**Work item**
For the records below, output word for word the lines from the one with "Medium Peekaboo ISeeU, side view" up to and including the one with "Achat immobilier Maison". No pictures.
(Source information Opens)
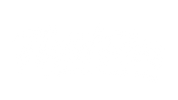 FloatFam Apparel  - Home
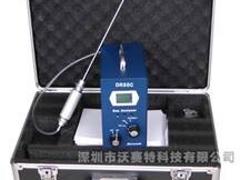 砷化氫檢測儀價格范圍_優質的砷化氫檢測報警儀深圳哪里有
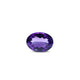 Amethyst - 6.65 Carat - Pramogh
(Source information Closes)
(Source information Opens)
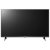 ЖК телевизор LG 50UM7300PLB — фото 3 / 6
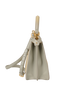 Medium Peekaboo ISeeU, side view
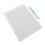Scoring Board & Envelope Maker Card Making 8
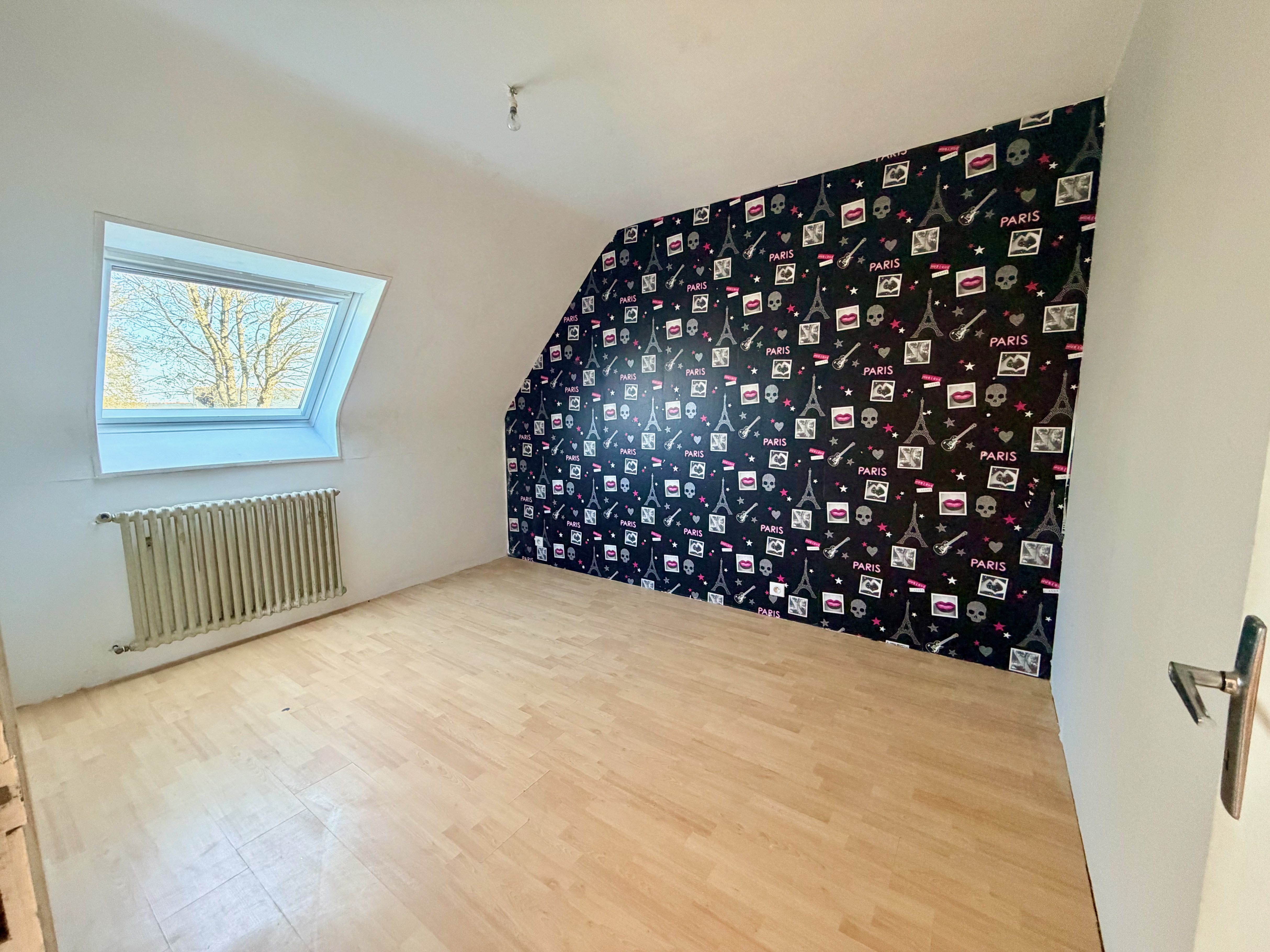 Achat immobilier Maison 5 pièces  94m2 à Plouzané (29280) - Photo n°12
(Source information Closes)
(Source information Opens)
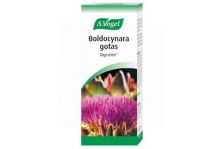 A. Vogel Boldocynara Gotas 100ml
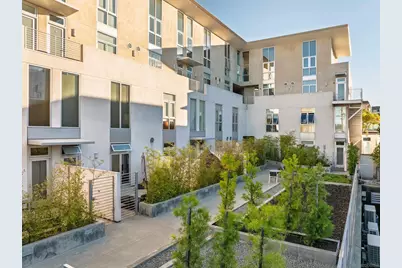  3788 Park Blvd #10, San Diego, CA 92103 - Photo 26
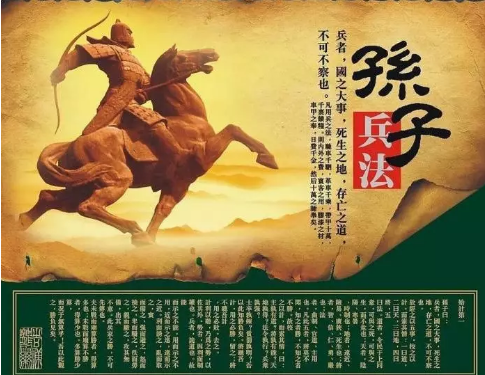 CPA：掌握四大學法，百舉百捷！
(Source information Closes)
**Final answer**
 Medium Peekaboo ISeeU, side view
Scoring Board & Envelope Maker Card Making 8
 Achat immobilier Maison 5 pièces  94m2 à Plouzané (29280) - Photo n°12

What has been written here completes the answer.